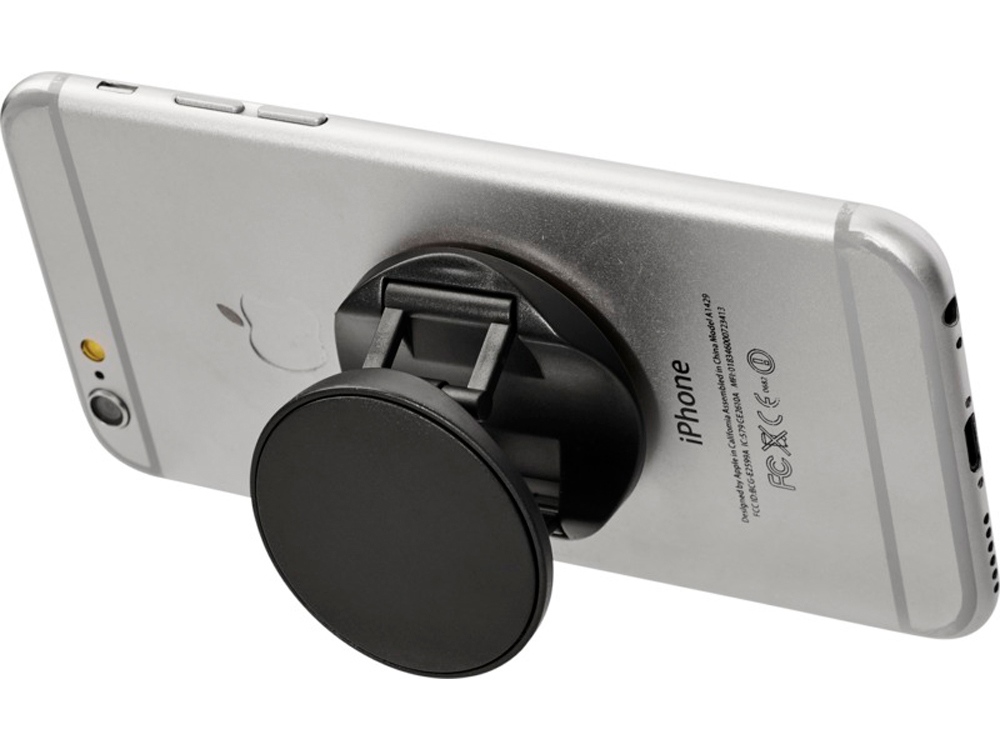 Подставка для телефона Brace с держателем для руки, черный-0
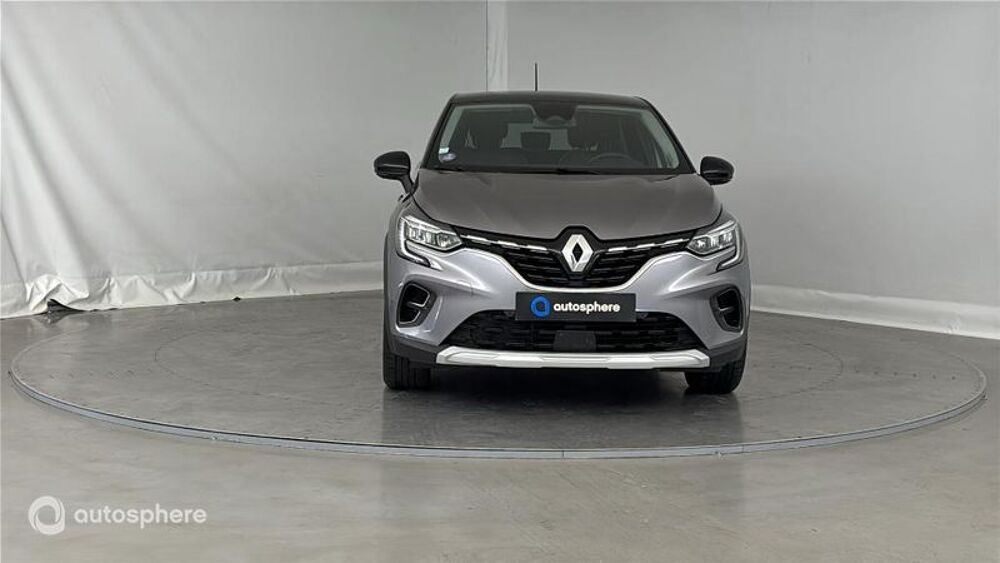 Captur 1.6 E-Tech hybride 145ch Intens -21 2022 occasion 51100 Reims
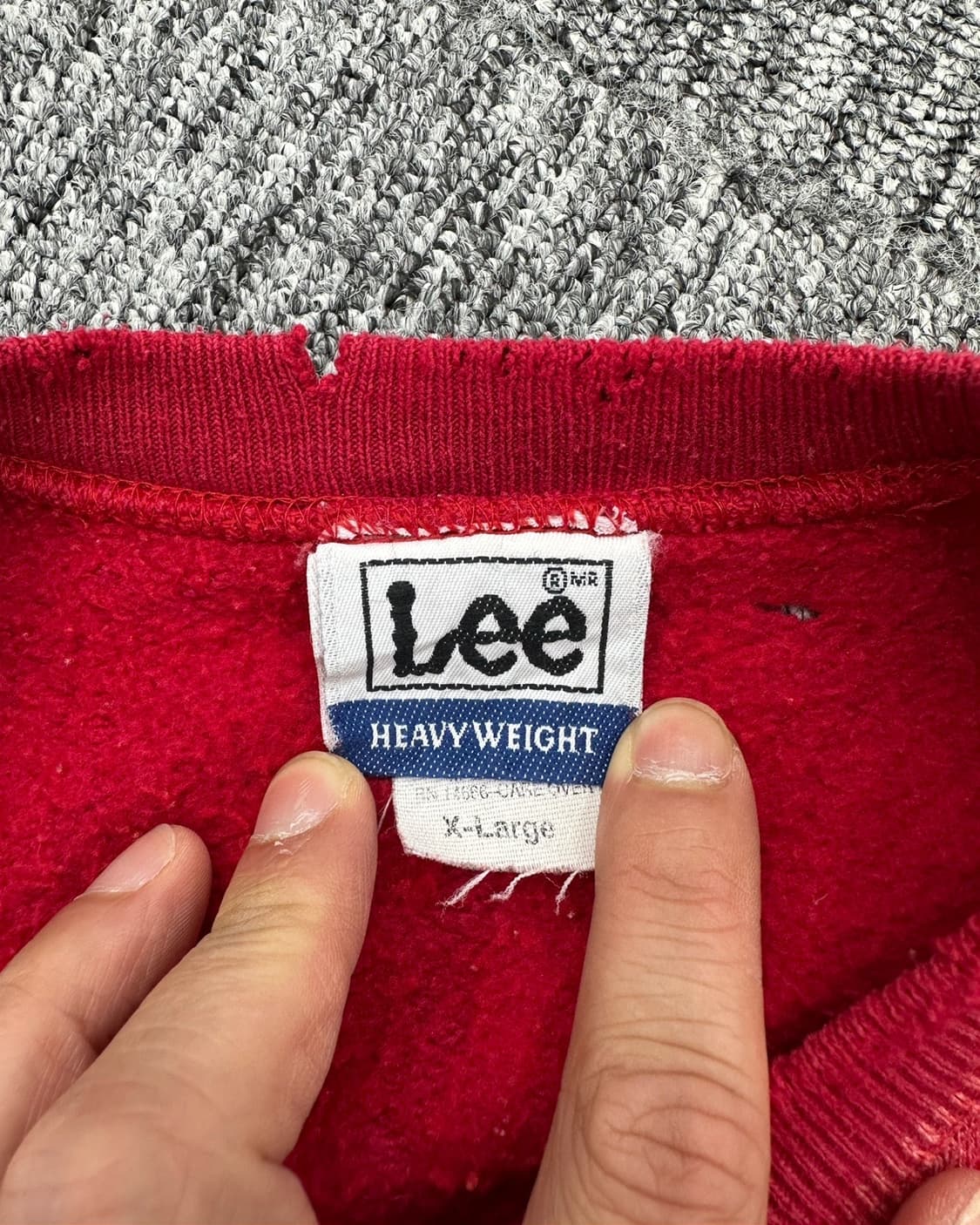 (XL)90'S LEE USA 맨투맨-M730 상품이미지6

- - -

INSTRUCTIONS FOR THE TASK. Please copy out the whole listing exactly as it stands, minus the pictures.

ANSWER TO THIS PROBLEM.
 Подставка для телефона Brace с держателем для руки, черный-0
 Captur 1.6 E-Tech hybride 145ch Intens -21 2022 occasion 51100 Reims
 (XL)90'S LEE USA 맨투맨-M730 상품이미지6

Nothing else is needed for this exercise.